Existe há largo tempo uma controvérsia sobre a designação “Macedónia”. A Macedónia é uma região histórica e geográfica dos Balcãs, que foi repartida entre a Jugoslávia e a Grécia, pertencendo a este último país as suas zonas mais importantes. A Macedónia jugoslava era uma das seis repúblicas que constituíam a República Federativa da Jugoslávia e que, após o desmembramento desta devido à invasão da Aliança Atlântica, se tornou uma república independente. Foi então obrigada pela ONU a usar o nome de Antiga República Jugoslava da Macedónia (FYROM – Former Yugoslav Republic of Macedonia). A utilização do nome Macedónia provoca grande contestação por parte dos gregos, nomeadamente dos habitantes do norte do país, a região que viu nascer Alexandre Magno. Já este ano, para tentar solucionar o conflito, os chefes de Governo da Macedónia e da Grécia chegaram a um acordo para que FYROM passasse a designar-se Macedónia do Norte, situação, aliás, ainda não oficializada. Como habitualmente, em todos os continentes, o estabelecimento de fronteiras artificiais nos gabinetes, desprezando as fronteiras naturais e históricas conduz a problemas deste género. Os estadistas são muitas vezes incultos em matéria histórica, e são também estúpidos ou oportunistas, ou ambas as coisas. Muitos dos conflitos no mundo devem-se exactamente à “impossibilidade” das fronteiras artificiais que separam os povos. Mas os políticos nunca aprenderão coisa alguma.
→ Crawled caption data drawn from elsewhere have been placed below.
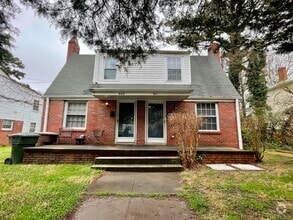 Building Photo - 2611 Spring Garden St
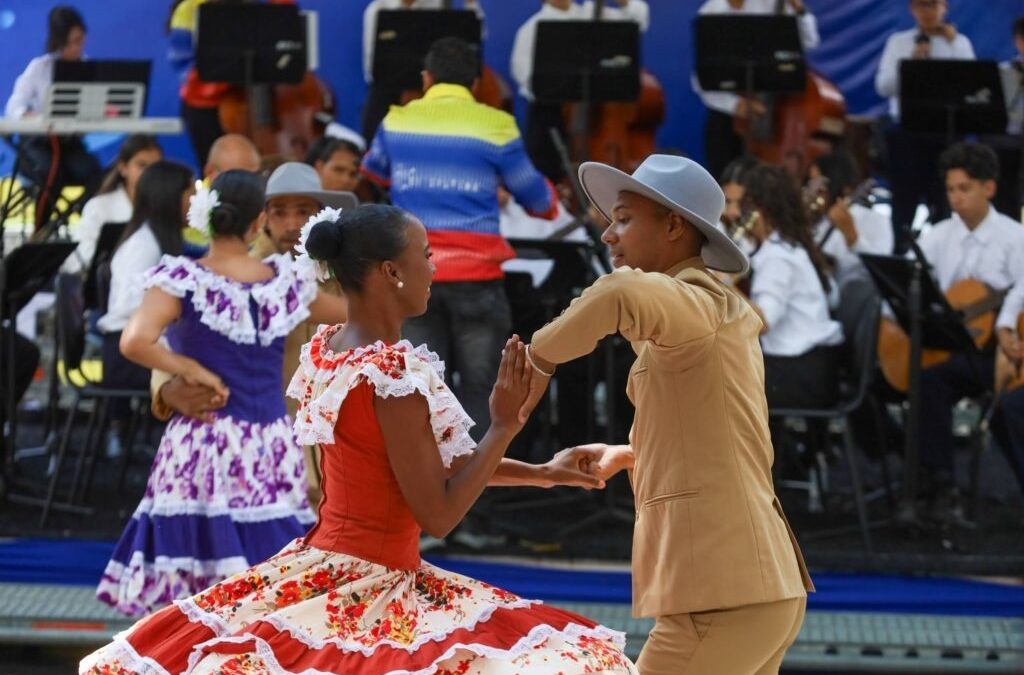 Miranda conmemora el 80 aniversario de la Unesco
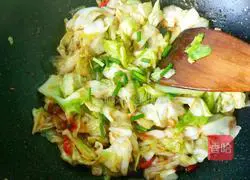 Illustration of how to make spicy and sour shredded cabbage 14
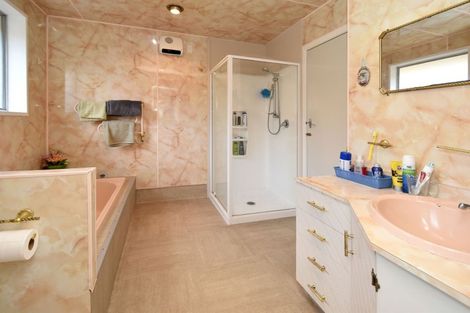 Photo of property in 16 Leonie Place, Aranui, Christchurch, 8061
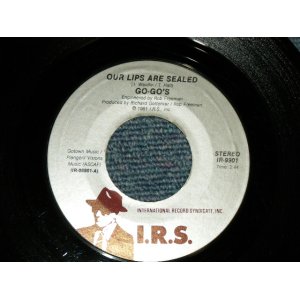画像: GO-GO'S - A) OUR LIPS ARE SEALED  B) SUIRFIN' & SPYIN' (With The VENTURES) (Ex++/Ex++ CRACK) / 1981 US AMERICA ORIGINAL Used 7" 45 Single 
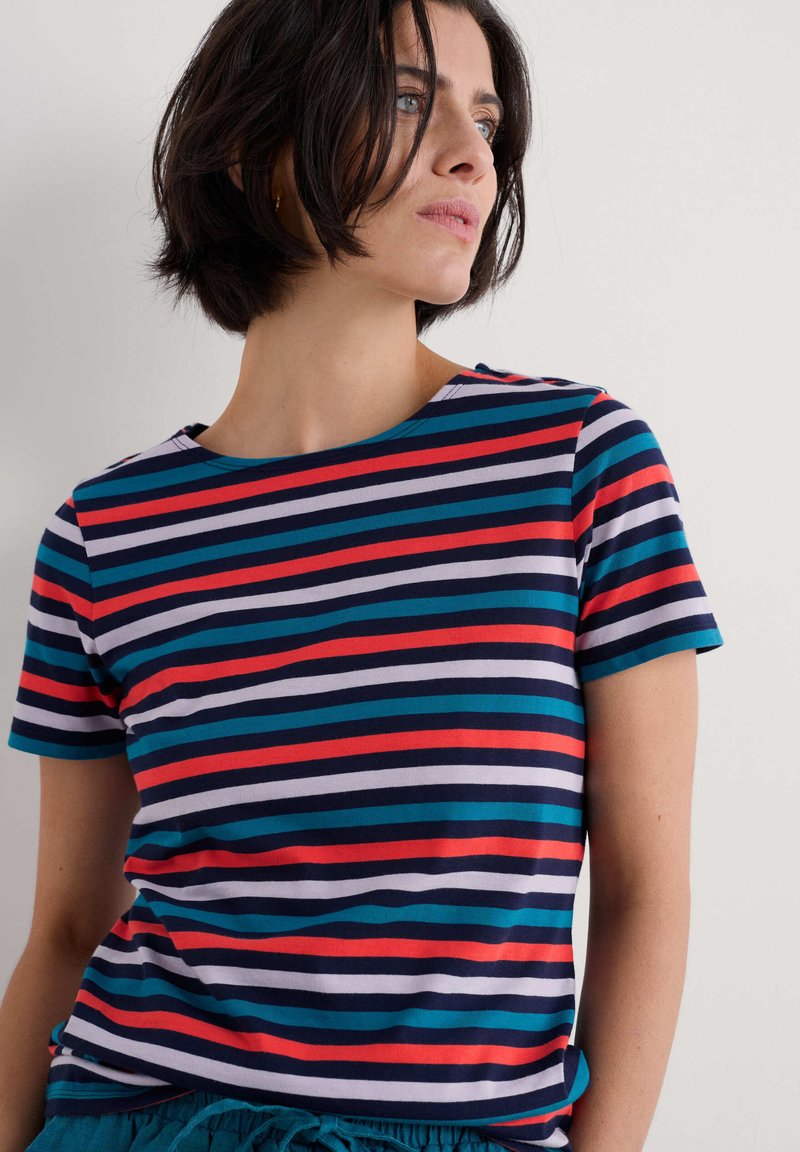 Kurzarm-T-Shirt mit horizontalen Streifen in Blau, Rot und Weiß. Gefertigt aus weichem Stoff mit Rundhalsausschnitt und lässiger Passform.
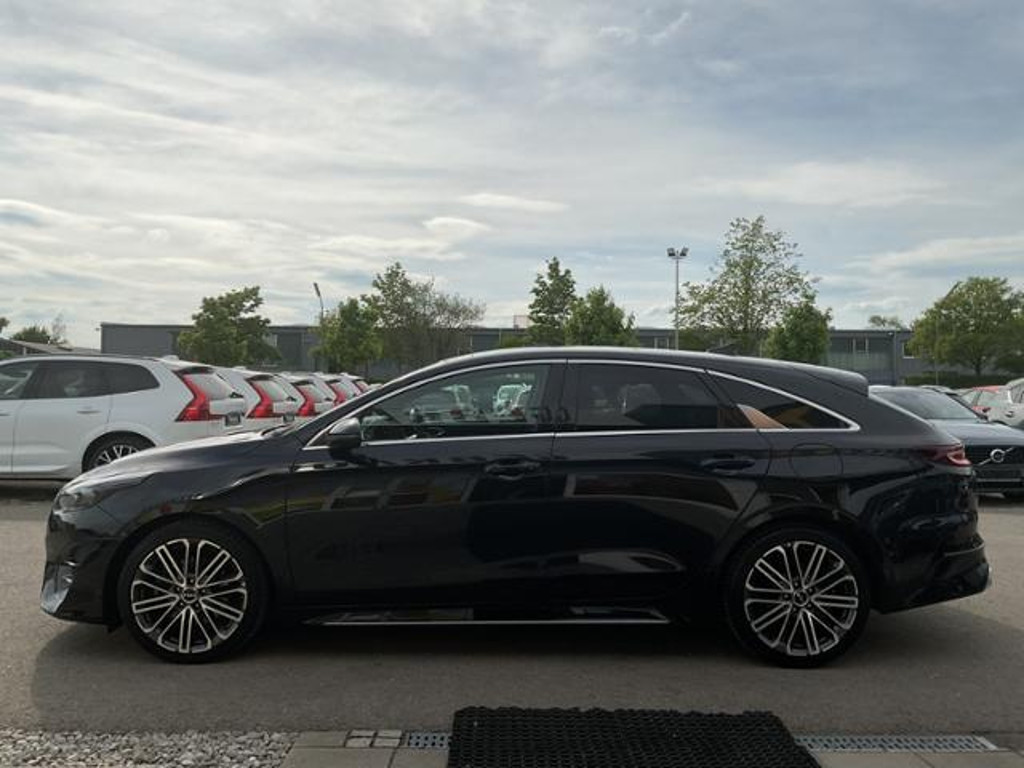 Kia ProCeed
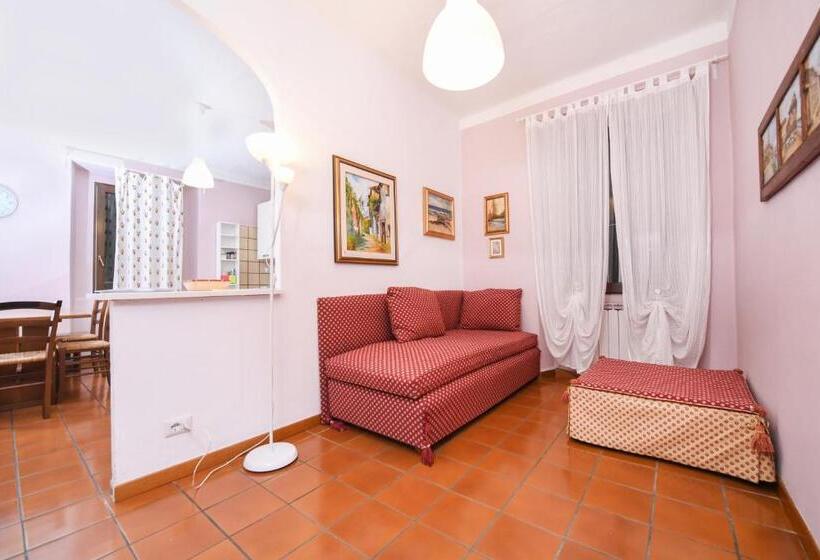 شقة ديلوكس غرفة واحدة, Villa Pinetina B&b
Escrevi muito mais do que pensava, e pretendia. Com tempo, espero dar conta em próximos “posts” de alguns dos locais mais importantes que tive oportunidade de visitar em Salónica.


2 comentários:

Anónimo disse...

1 - Um pouco de correcção latina nunca fez mal a ninguem. Não se usa citar expressões latinas no acusativo, mas sim como é normal no nominativo. Esqueçamos pois a "civitatem liberam" e apliquemos a "civitas libera"

2 - Fronteiras injustas e imperfeitas,deve havê-las desde o paleolítico,pelo menos... Os azares das batalhas e das heranças reais, bem antes dos europeus de regra e esquadro, já criavam absurdos histórico-geográficos variados. Por exemplo,nos nossos promórdios, a Galiza não devia estar integrada plenamente na áres galaico-portuguesa?

3 - Texto do post,como frequentemente,de interessante divulgação histórica.

Blogue de Júlio de Magalhães disse...

Para o Anónimo das 12.12:

1) A expressão latina que citei foi transcrita (sic) do livro sobre Salónica cuja capa publiquei;

2) Não há exemplos na História de fronteiras traçadas a regra e esquadro tal como as que foram desenhadas em África e no Médio Oriente em consequência da colonização;

3) Agradeço a menção à interessante divulgação histórica.